09 How to Use Strong Consistency Transactions and Flexible Transactions in Distributed Transactions

09 How to Use Strong Consistency Transactions and Flexible Transactions in Distributed Transactions #

Hello, welcome to Lesson 09. Today, we will introduce an important topic in distributed environments, distributed transactions. Before diving into the specifics of how to use ShardingSphere, let’s briefly introduce the basic concepts of distributed transactions.

How to Understand Distributed Transactions? #

In traditional relational databases, transactions are a standard component, and almost all mature relational databases provide native support for local transactions. Local transactions provide ACID transaction properties. Based on local transactions, to ensure data consistency, we first start a transaction, then perform data operations, and finally commit or roll back. Furthermore, with the help of integrated frameworks like Spring, developers only need to focus on the business logic that causes data changes.

However, in a distributed environment, things become more complicated. Assuming there are multiple independent databases in the system, in order to ensure data consistency across these databases, we need to include them in the same transaction. Local transactions are not sufficient in this case, and we need to use distributed transactions.

The industry has some common mechanisms for implementing distributed transactions, such as the XA protocol that supports two-phase commit and flexible transactions represented by Saga. For different implementation mechanisms, there are also various vendors and development tools available. Because these development tools have significant differences in usage and implementation principles, developers have a strong demand for a unified solution that can abstract these differences. At the same time, we also hope that this solution can provide friendly system integration.

As a distributed database middleware, ShardingSphere must consider the implementation of distributed transactions. From the beginning, ShardingSphere has fully considered the demands of developers in its design. Let’s take a look.

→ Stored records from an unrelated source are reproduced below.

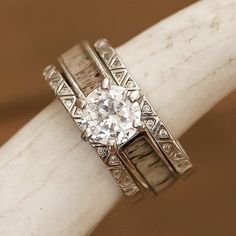 a close up of a ring on top of a white marble object with diamonds in it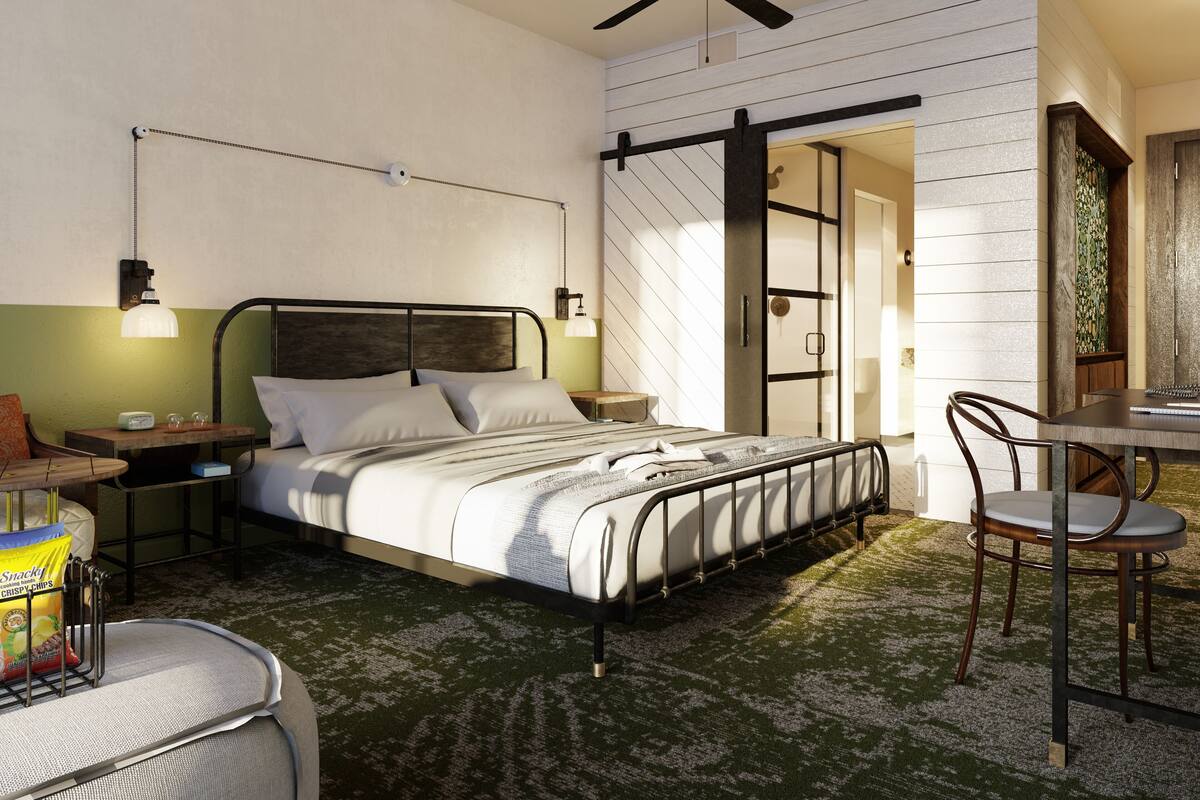 Ein modernes Schlafzimmer mit Bett, Nachttischen, Schreibtisch und Stuhl.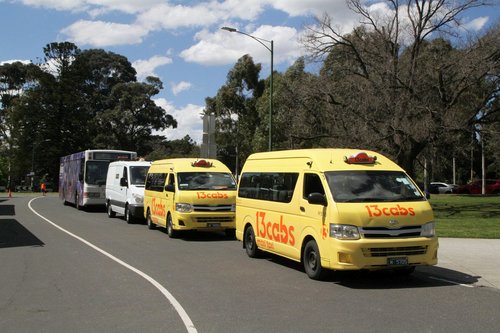 Pair of wheelchair accessible taxis waiting with a Ventura service van and standby bus off St Kilda Road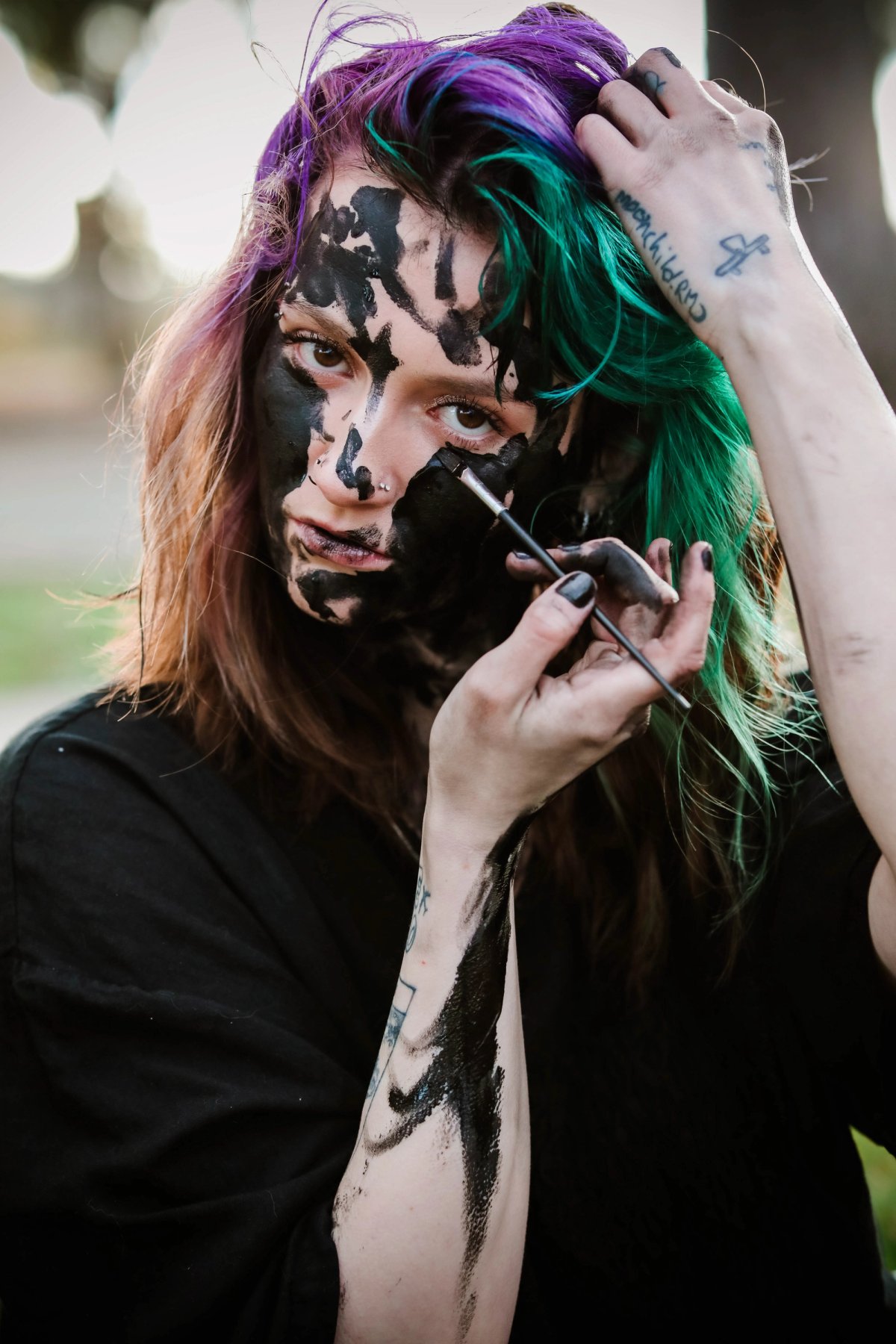 A woman with purple and green hair paints her own face black with a small brush.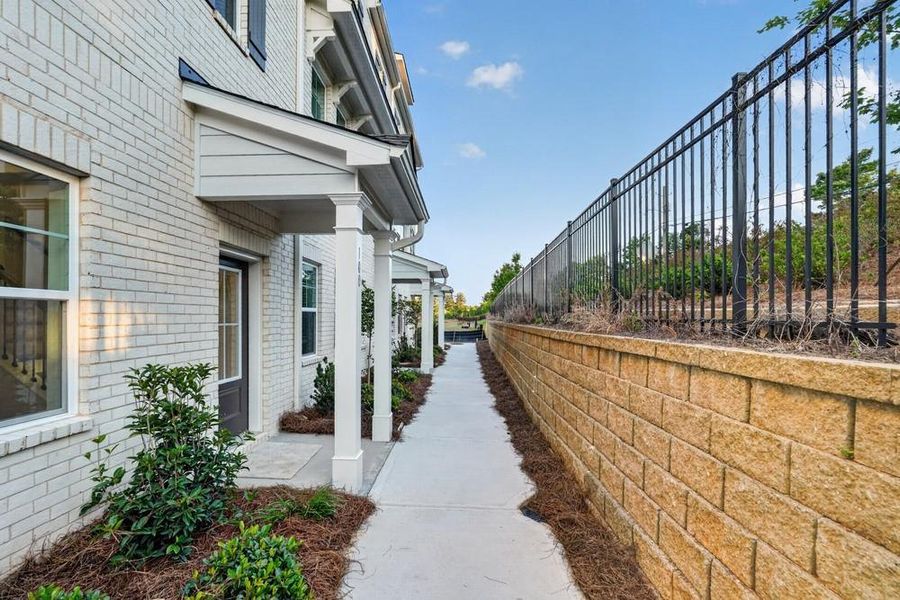 Exterior details and patio area of a home in Chandler Run, Tucker (Image 22).
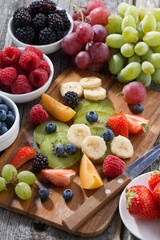 ingredients for fruit salad, vertical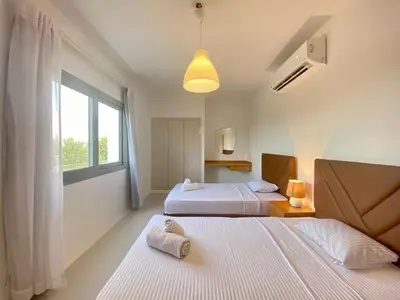 two beds in a white room with a window at Hotel apartment swan lake in Hurghada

Distributed Transactions in ShardingSphere #

In ShardingSphere, in addition to local transactions, there are two implementation options for distributed transactions: XA transactions and flexible (BASE) transactions. This can be verified from the enumeration values of TransactionType:

public enum TransactionType {
    LOCAL, XA, BASE
}

XA Transactions #

XA transactions provide an implementation mechanism based on the two-phase commit protocol. As the name suggests, the two-phase commit has two phases: prepare phase and commit phase. In the prepare phase, the coordinator initiates a proposal and asks each participant if they accept it. In the commit phase, the coordinator commits or aborts the transaction based on the feedback from the participants. If all participants agree, the transaction is committed. If any participant disagrees, the transaction is aborted.

Two-phase commit diagram

Currently, there are also mainstream tool libraries for implementing XA transactions in the industry, such as Atomikos, Narayana, and Bitronix. ShardingSphere integrates these three tool libraries and defaults to using Atomikos to complete the two-phase commit.

BASE Transactions #

XA transactions are typical strong consistency transactions, which strictly adhere to the ACID principles of transactions. In contrast, flexible transactions adhere to the BASE design theory and pursue eventual consistency. The acronym BASE stands for Basically Available, Soft State, and Eventual Consistency.

For implementing flexible transactions based on the BASE principles, the industry also has excellent frameworks, such as Seata provided by Alibaba. ShardingSphere also integrates support for Seata internally. Of course, we can also integrate other open-source frameworks for distributed transactions as needed and embed them into the ShardingSphere runtime environment based on a microkernel architecture.

After introducing the theoretical knowledge, let’s now use XA transactions and BASE transactions separately to achieve data consistency in a distributed environment.

Using XA Transactions #

Adding support for XA transactions in a Spring application is relatively simple. Both the Spring framework and ShardingSphere itself provide us with low-cost development mechanisms.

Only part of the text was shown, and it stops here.